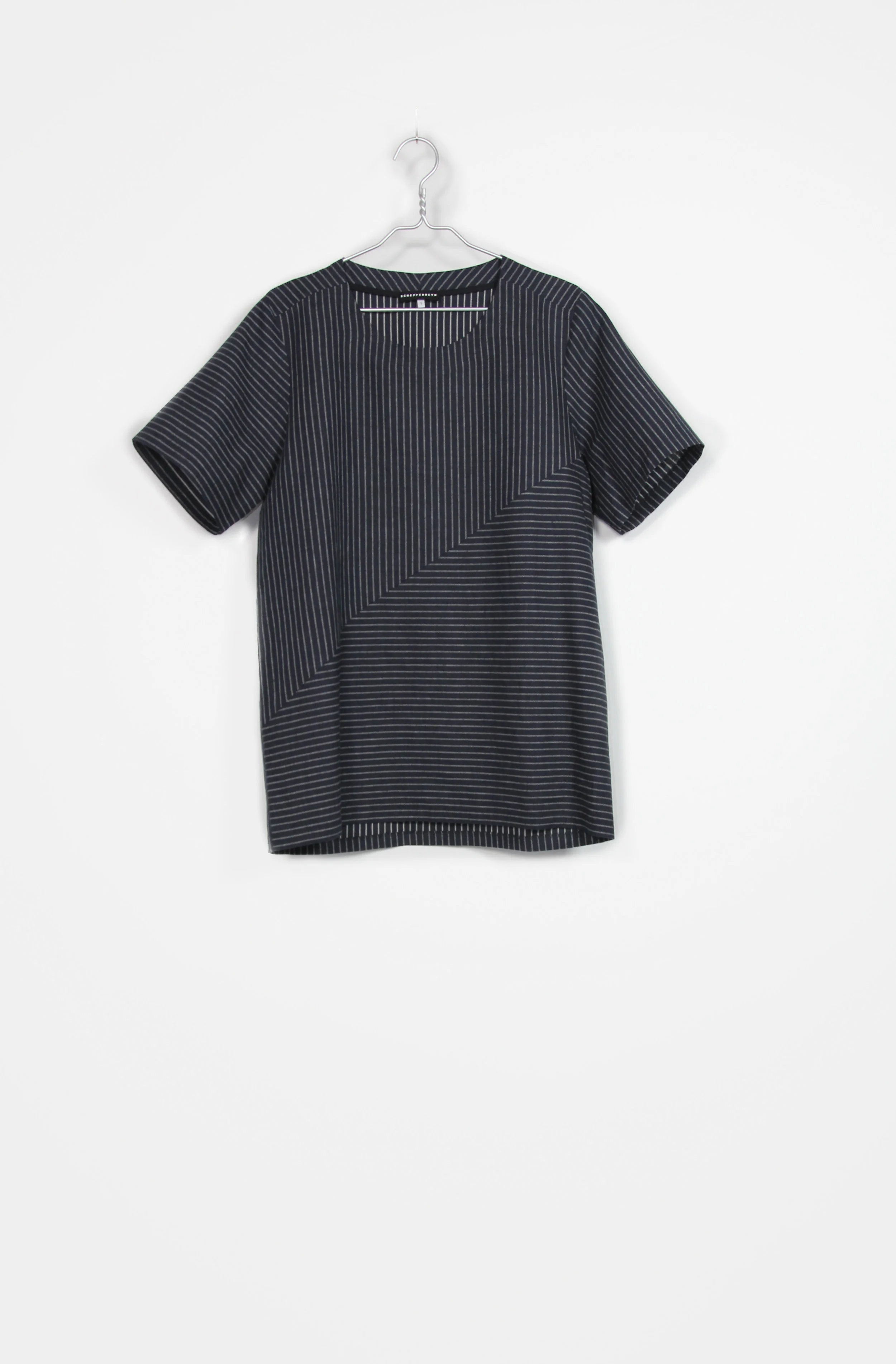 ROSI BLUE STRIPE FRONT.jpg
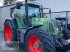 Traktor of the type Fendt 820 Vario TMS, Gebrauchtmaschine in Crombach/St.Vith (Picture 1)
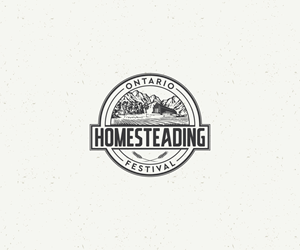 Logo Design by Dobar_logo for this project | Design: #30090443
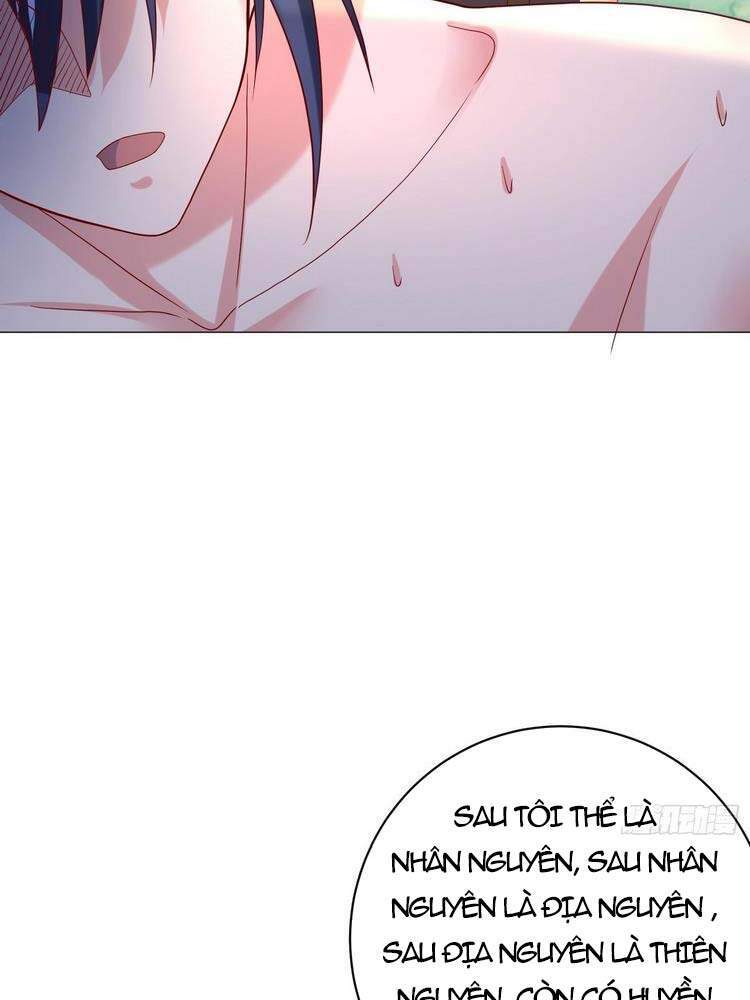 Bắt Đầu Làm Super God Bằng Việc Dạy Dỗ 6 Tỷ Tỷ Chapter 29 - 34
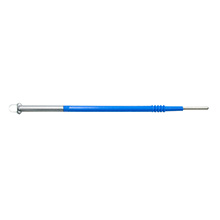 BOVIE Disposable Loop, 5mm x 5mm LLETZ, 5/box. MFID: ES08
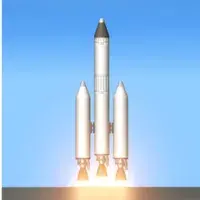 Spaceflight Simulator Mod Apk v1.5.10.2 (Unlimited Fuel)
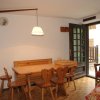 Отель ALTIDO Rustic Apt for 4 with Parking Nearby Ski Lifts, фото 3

**Task:** Only the lines from the one with "BOVIE Disposable Loop, 5mm" to the end of the listing, both ends included, should be retyped exactly; no pictures belong in the copy.

**Solution to the problem:**
 BOVIE Disposable Loop, 5mm x 5mm LLETZ, 5/box. MFID: ES08
 Spaceflight Simulator Mod Apk v1.5.10.2 (Unlimited Fuel)
 Отель ALTIDO Rustic Apt for 4 with Parking Nearby Ski Lifts, фото 3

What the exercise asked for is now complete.